That, of course, leaves open some of the proposals floating about in relation to section 19, should those proposals still be there. But the bottom line is certainly that a lyric theatre is something the Territory itself simply cannot afford. I am not going to dwell on any other part of the report, because Dr Kinloch is going to speak on some other specific areas and Bill Wood has already given a broad overview. But I will talk briefly about the Childers Street theatre.

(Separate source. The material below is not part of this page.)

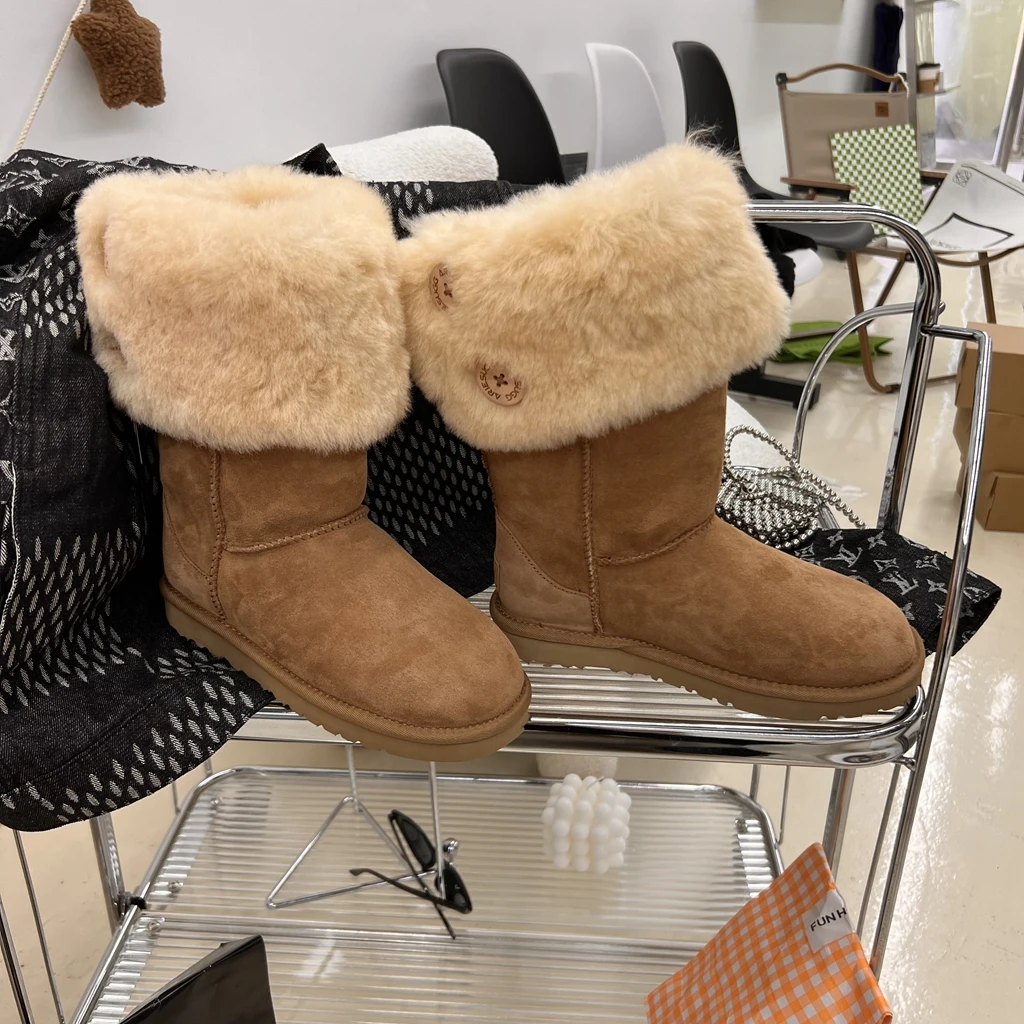 【桑坡出品小千】羊皮毛一体高筒雪地靴小千颂伊款2022新品雪地靴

This is a very popular little theatre situated in an area of Canberra that logically at some future stage is a prime candidate for redevelopment. It is sitting on prime real estate, and the committee appreciated that perhaps that area would be redeveloped not before too long, simply because of where it is. Accordingly, we saw the need for that theatre to be refurbished but that should be done at minimal cost and it should be available for use by community theatre groups. We felt it best that the management of that theatre should be vested in a management committee, comprising members of those groups using the theatre. As an interim measure, that theatre should be made available for use by community theatre groups, subject to the appropriate fire and safety regulations and by-laws which are applicable to that complex. The cost, I think, should be minimal in relation to refurbishing that theatre, because in all probability at some future stage those buildings there will be demolished. Some very good redevelopment could go on there, and I would imagine that in the long term whatever redevelopment took place would incorporate a small theatre to replace the existing Childers Street theatre.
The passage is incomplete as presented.